Читать книгу Factory Town онлайн | страница 21
Ich riss der Frau das Foto aus der Hand und steckte es zurück in meine Jackentasche. Ich war wütend, aber ich beherrschte mich.
Wir haben alle unsere Geheimnisse, sagte ich, und das schien dieses Pack zu besänftigen. Charlie nahm mich an der Schulter, und wir gingen über die Veranda zur Fliegentür, die schlaff in ihren Angeln hing und auf und zu schlug, und dann traten wir ins Haus.
Drinnen waren unzählige Menschen, die herumstanden und Bier und Whiskey tranken, sich gegenseitig auf den Rücken klopften oder ungelenk tanzten. Die Musik, von der ich gedacht hatte, sie käme aus dem Radio, stammte von vier a cappella singenden Schwarzen in identischen lila Anzügen auf einer improvisierten Bühne.

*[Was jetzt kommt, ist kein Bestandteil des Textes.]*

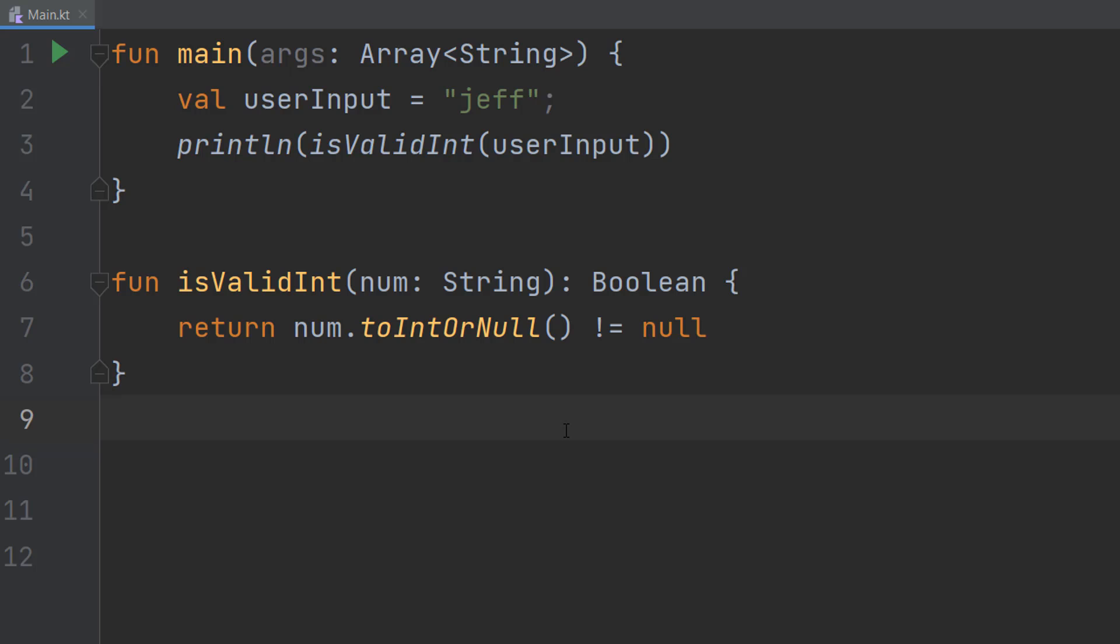Since we know this function can tell if something's an integer or not, we're going to use it to do so. Basically, if it returns null, that means it's not a valid integer because it couldn't convert it to an integer.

Als ich mich umsah, bemerkte ich, dass es weder Möbel noch Teppiche oder Fotos gab. Mehrere Fenster waren eingeschlagen. Kühlschrank und Herd in der Küche waren irreparabel kaputt. Beide hatten keine Türen mehr, Drähte und Kabel lagen offen und standen in alle Richtungen ab.
Charlie führte mich herum und stellte mich Leuten vor, deren Namen ich im selben Moment, in dem er sie sagte, wieder vergaß. Ich holte mir eine Coca-Cola aus einem Schrank und mischte mich unter die Menge. Ohne zu wissen, was ich tun sollte, stand ich unschlüssig herum.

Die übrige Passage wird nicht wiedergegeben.